== Stored data ==

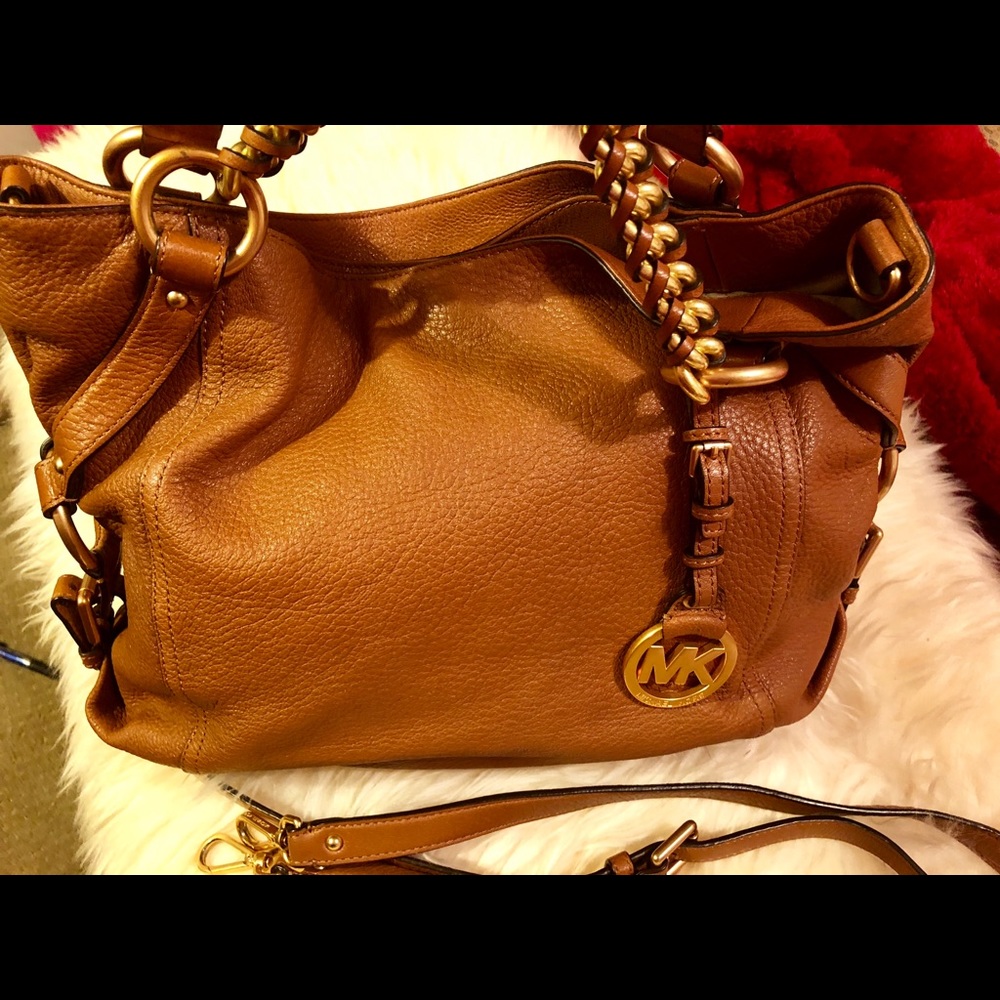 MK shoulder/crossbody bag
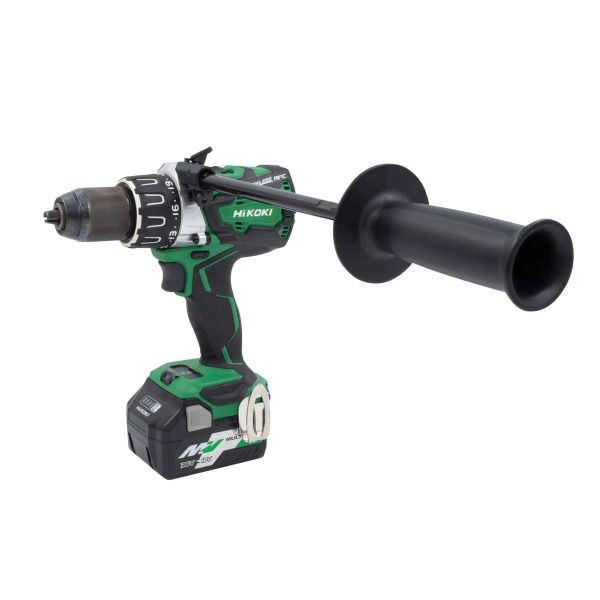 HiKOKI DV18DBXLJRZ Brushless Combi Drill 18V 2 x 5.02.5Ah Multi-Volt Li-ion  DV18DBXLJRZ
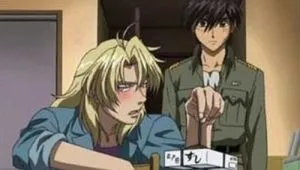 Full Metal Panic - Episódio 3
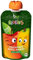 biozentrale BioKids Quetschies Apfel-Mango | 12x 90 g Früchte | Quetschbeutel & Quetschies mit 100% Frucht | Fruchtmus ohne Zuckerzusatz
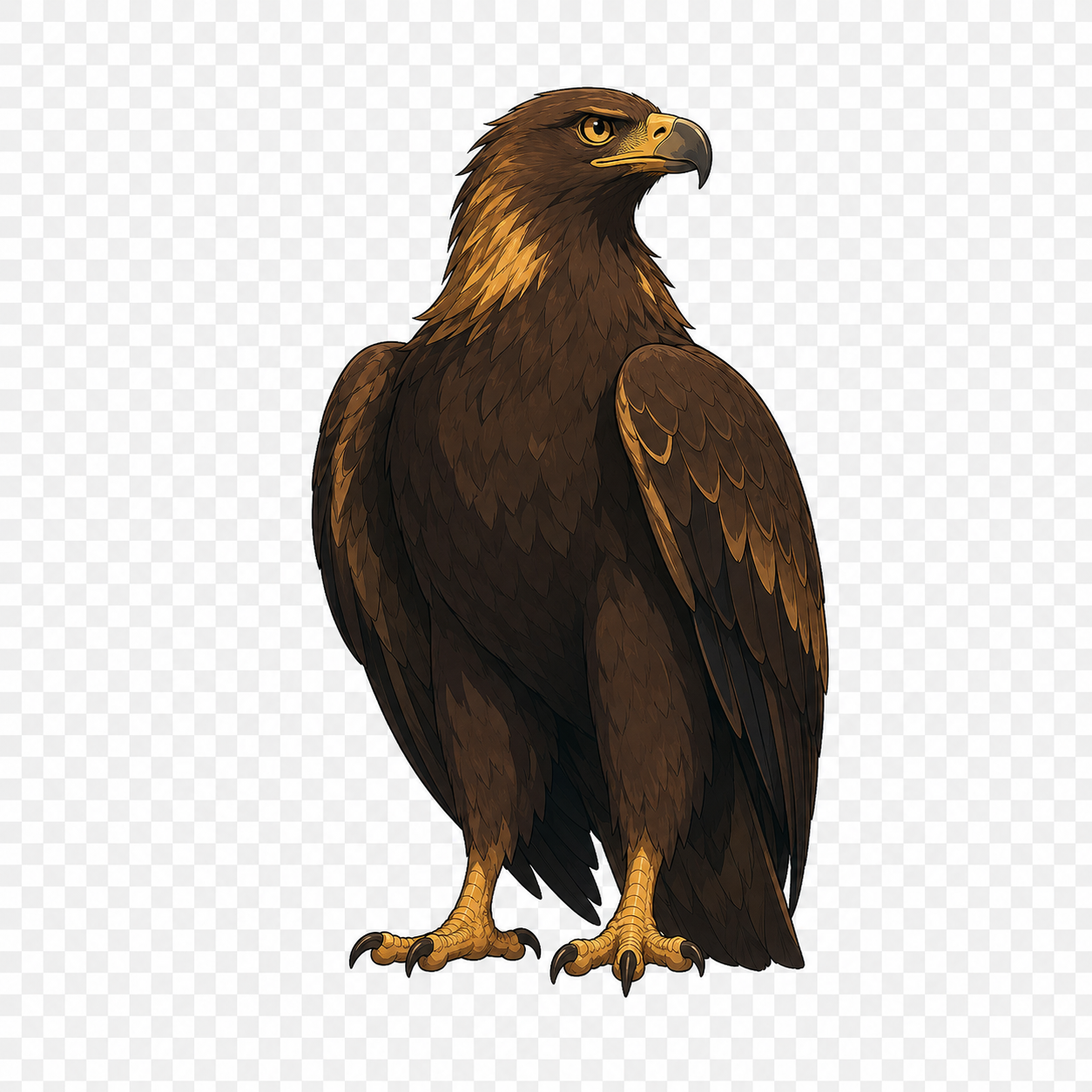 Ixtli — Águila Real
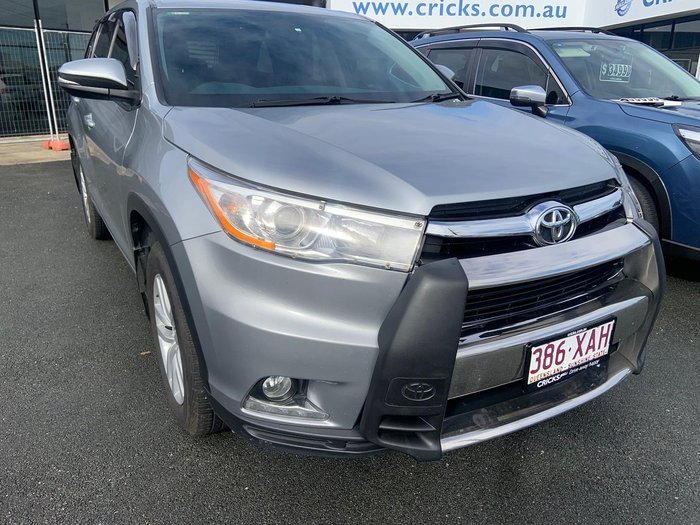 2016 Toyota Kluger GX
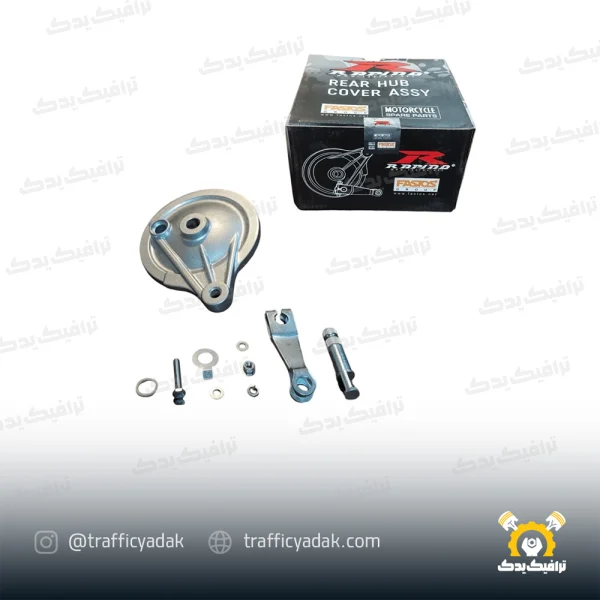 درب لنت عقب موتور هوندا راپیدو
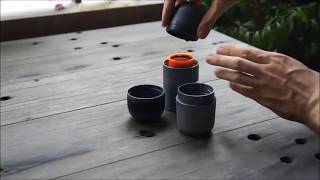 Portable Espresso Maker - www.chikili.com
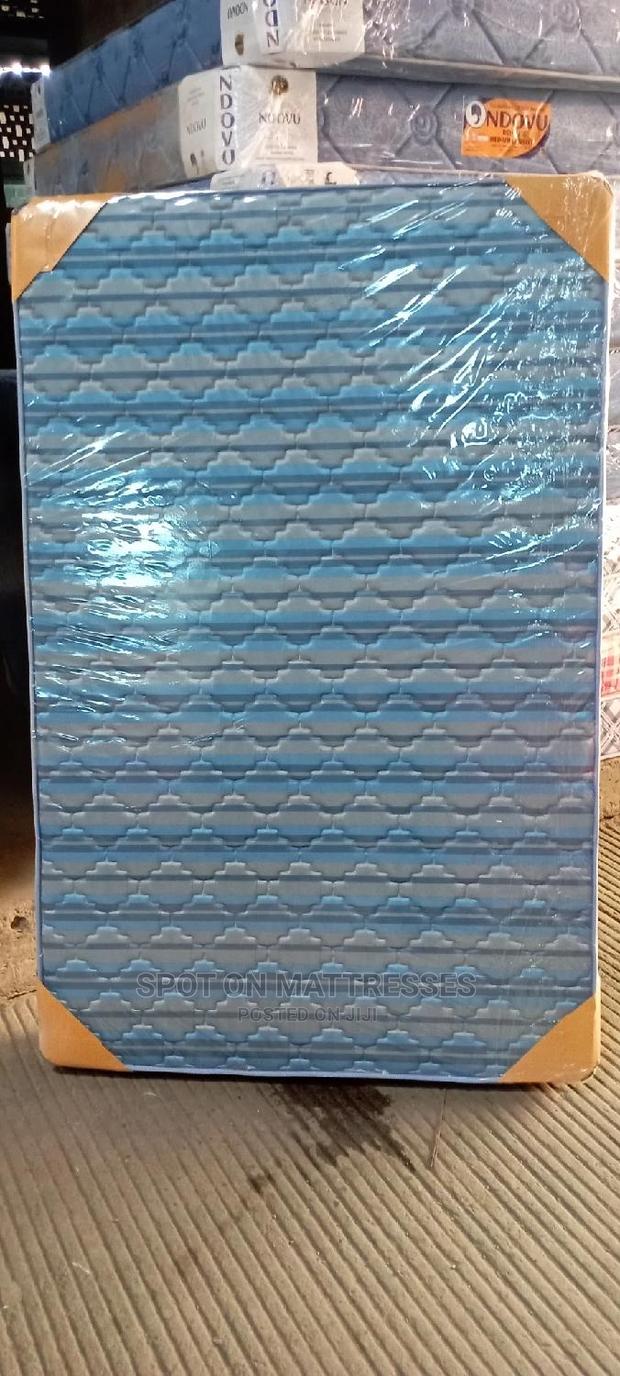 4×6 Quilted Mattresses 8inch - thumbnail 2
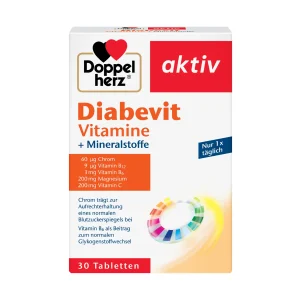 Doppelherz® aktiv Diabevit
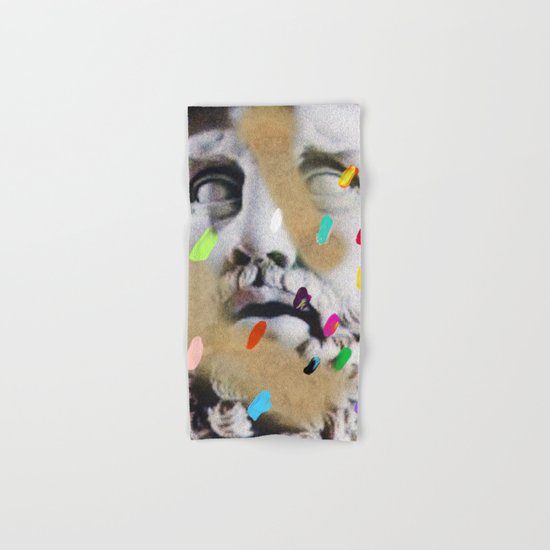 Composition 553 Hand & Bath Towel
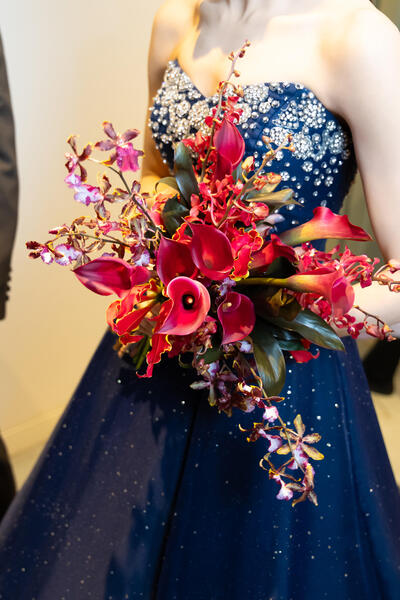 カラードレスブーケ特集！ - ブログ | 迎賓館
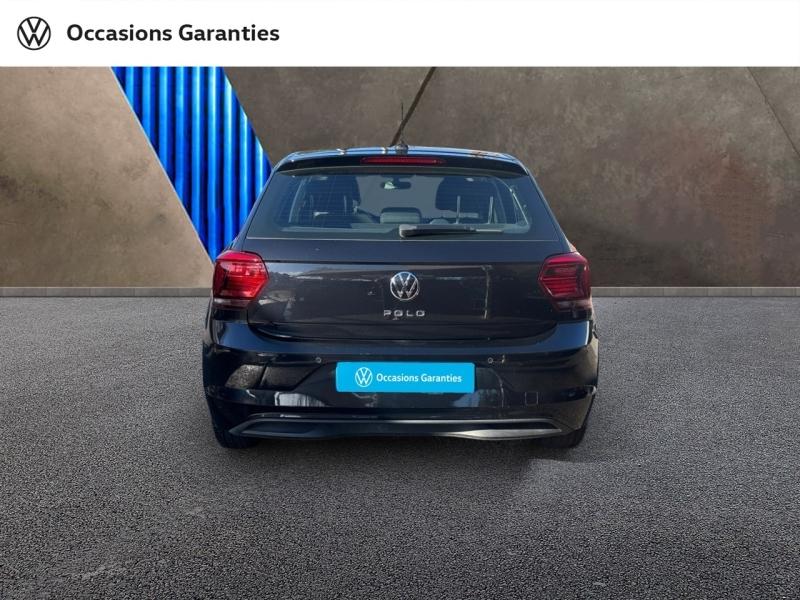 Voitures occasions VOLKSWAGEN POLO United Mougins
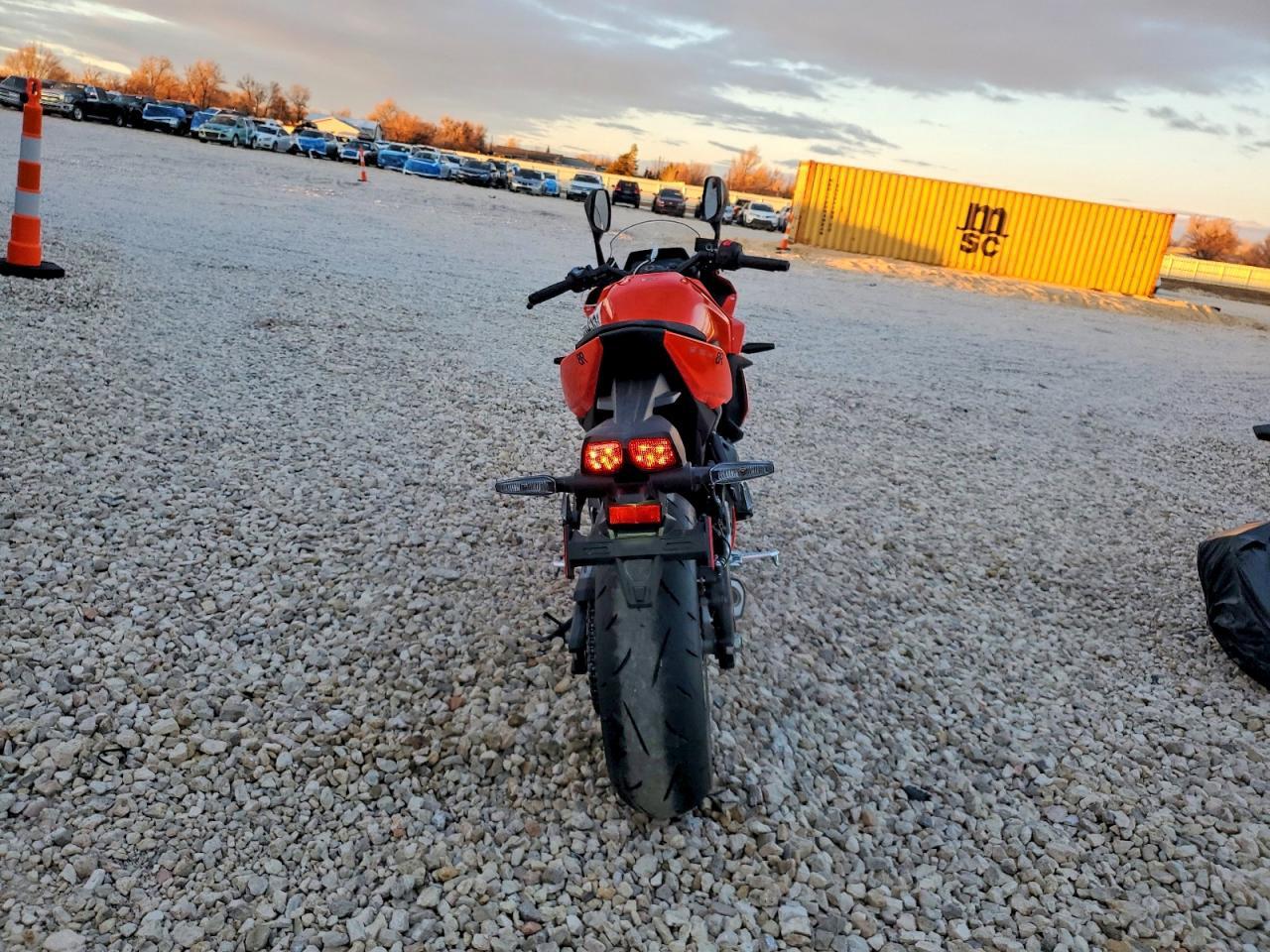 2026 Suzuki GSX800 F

===

What you have to do: The response should repeat each record precisely and contain no pictures.

Written answer:
 MK shoulder/crossbody bag
 HiKOKI DV18DBXLJRZ Brushless Combi Drill 18V 2 x 5.02.5Ah Multi-Volt Li-ion  DV18DBXLJRZ
 Full Metal Panic - Episódio 3
 biozentrale BioKids Quetschies Apfel-Mango | 12x 90 g Früchte | Quetschbeutel & Quetschies mit 100% Frucht | Fruchtmus ohne Zuckerzusatz
 Ixtli — Águila Real
 2016 Toyota Kluger GX
 درب لنت عقب موتور هوندا راپیدو
 Portable Espresso Maker - www.chikili.com
 4×6 Quilted Mattresses 8inch - thumbnail 2
 Doppelherz® aktiv Diabevit
 Composition 553 Hand & Bath Towel
 カラードレスブーケ特集！ - ブログ | 迎賓館
 Voitures occasions VOLKSWAGEN POLO United Mougins
 2026 Suzuki GSX800 F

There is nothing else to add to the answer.